Outdoor cob oven at the farm in Rolla.
A couple years ago, with help from family and friends, we built a cob oven at the farm. It was mainly for cooking pizza. You can also bake bread and other items as well, but we’ve stuck mainly with pizza. Cooking food in a cob oven made from clay, sand and straw is an ancient art. If built correctly, the enclosure can reach temperatures equivalent to commercial pizza ovens. It’s helpful having a “temperature gun;” just aim the device at the oven door opening and you get an accurate reading.
The Cob Oven Saga
We’ve rebuilt the oven once, when borer bees, or carpenter bees, infested the clay coating. Now the shell has cracked along the top and we face a third make over. But maybe not as soon as we thought. Despite the widening crack, the oven worked just fine last weekend. We turned out 8 pizzas, nicely cooked top and bottom.
It’s great fun designing the pizzas and sharing them with whoever shows up. But even at best, the process is a bit of work. It starts with several trips to the store to get the preferred ingredients for everyone. Rolling the dough and assembling the pies takes up the entire kitchen. The oven fire must be started well ahead of the cooking time and kept up to temperature. After all is done, there’s the clean up. It’s messy. The kind of thing kids love. And I do, too. I must say, I admire family friend Chris Sommers (Pi Pizzeria) for figuring out how to make a living from this cumbersome procedure.
For more information on cob oven construction, my friend Teri Page has written a book on the topic. (Wish I had read it two years ago.) You can get a copy here.
Photos below tells the story of what went into the pizza making at the farm last weekend and the outcome.

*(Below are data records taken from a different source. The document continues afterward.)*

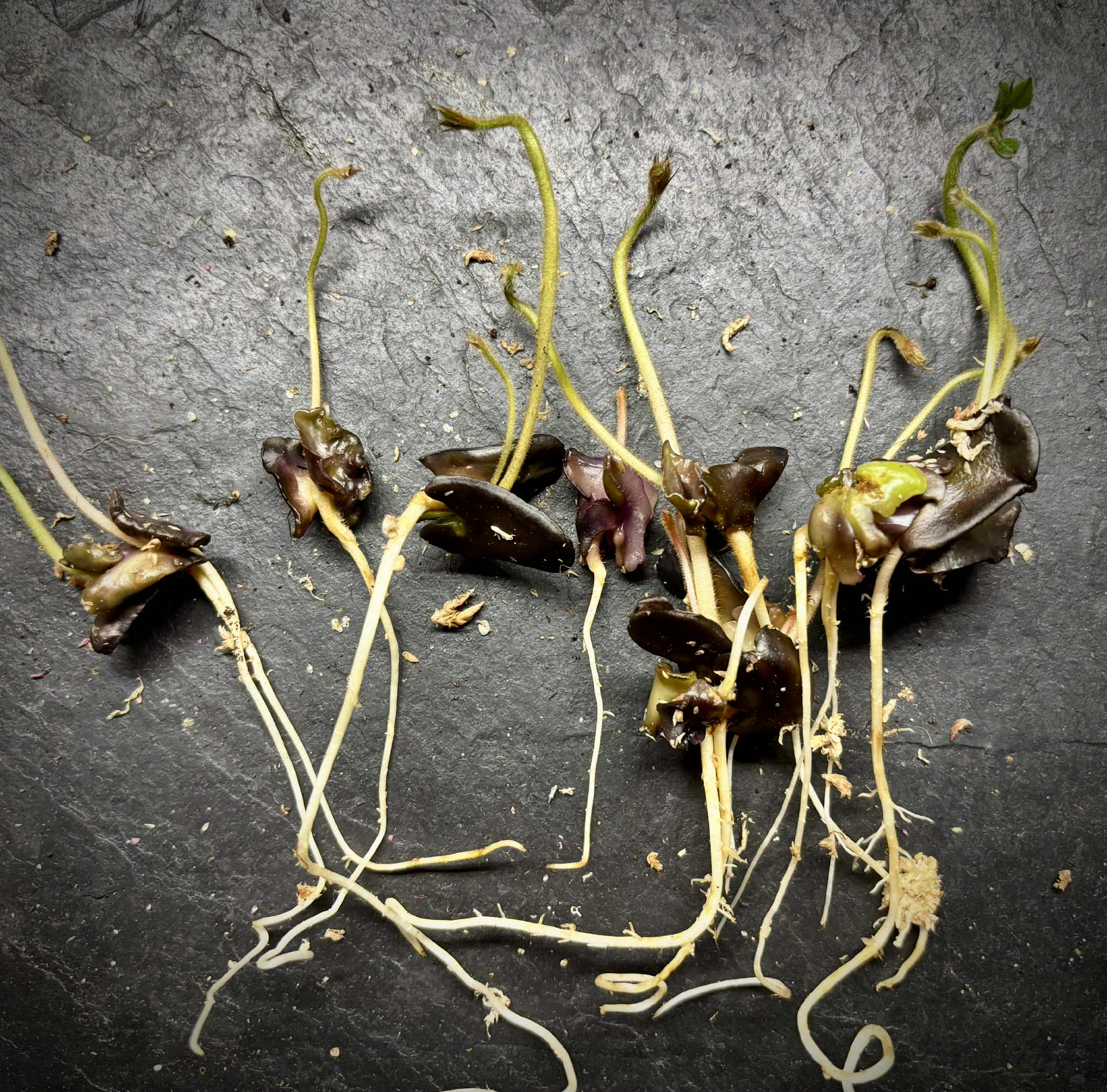 Inga feuilleei - Pacay Ice Cream Bean - 1 germinated seed / 1 gekeimter Samen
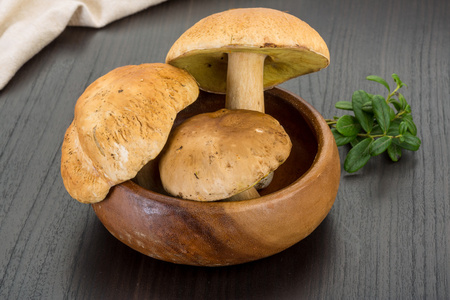 牛肝菌蘑菇
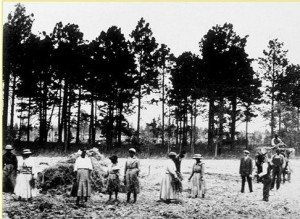 In the 1850's, black families came to the Adirondacks to farm.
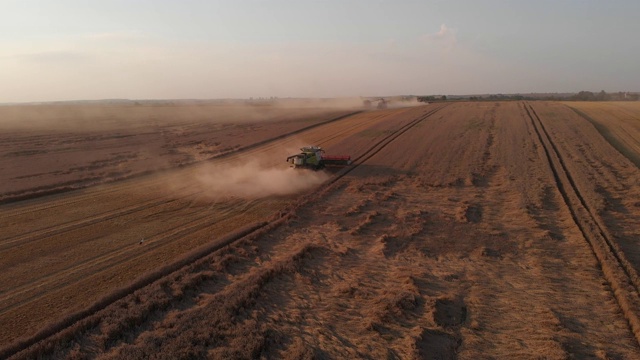 航拍:日落时分，在收割小麦的联合收割机周围飞行。精彩的夏日4K拍摄视频素材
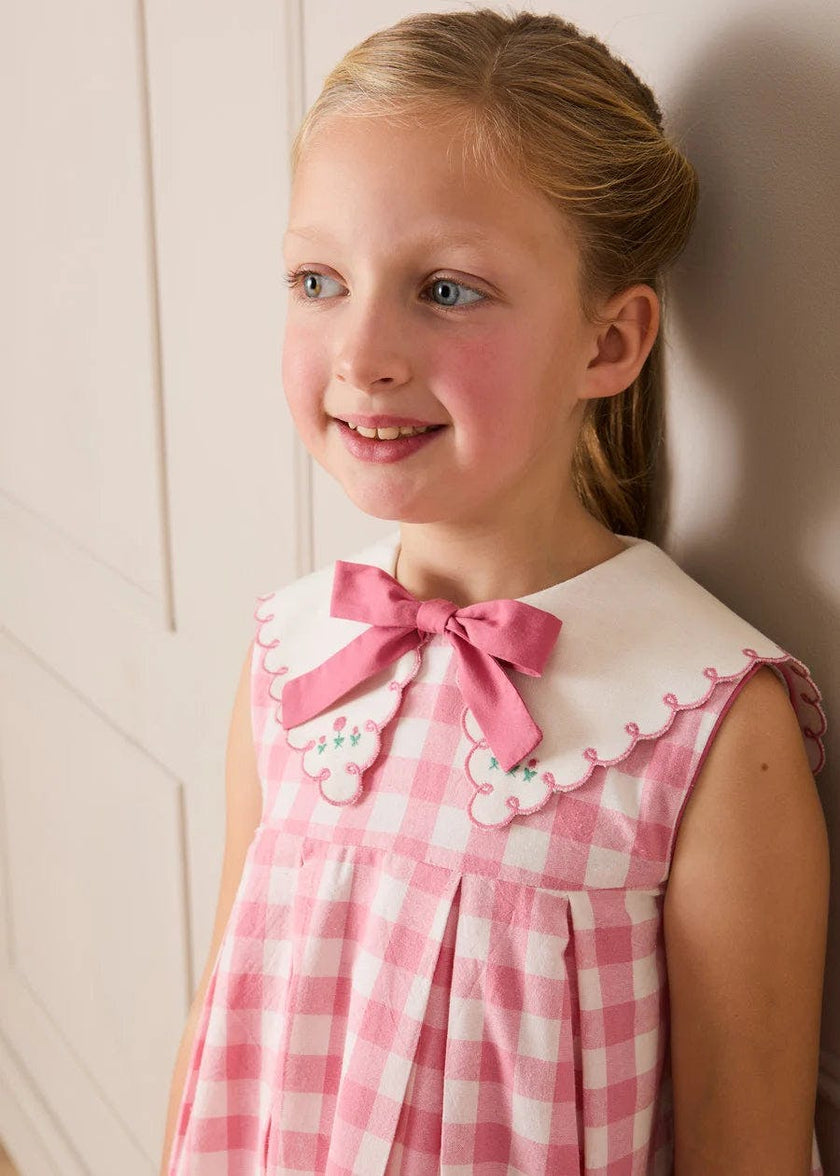 Catherine Gingham Embroidered Sleeveless Trapeze Dress in Pink (12mths- 10yrs)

Alex, a weekend visitor from California, takes the dough shaping seriously.

A bountiful haul of chanterelles plucked from the woods earlier that day, added another layer of flavor to the pizzas. The rest of the mushrooms wound up in a delicious cream-sherry sauce.

Robin readies the pizzas for the oven while JC holds the pizza peel. Because of the small oven door opening, pizzas have to be more elongated than round.

The temperature gets up to nearly 700 degrees, which cooks pizza in a hurry.

JC uses the pizza peel, or paddle, to position the pizza. The severe cracking of the cob oven means we’ll likely have to rebuild it again.

This pizza with homemade tomato sauce, caramelized onions, basil, and a few different cheeses was ready in minutes. When I eat a nice cheesy pizza, I think of what Elvis once said: “That was one of the best pizzas I’ve ever eaten in my life. The cheese was so good it made me faint.”

A cheese pizza with chanterelle mushrooms and caramelized onions.

Nearby ferns swayed gently in the breeze as we savored the fruits of our labor. Elvis would have loved these pizzas!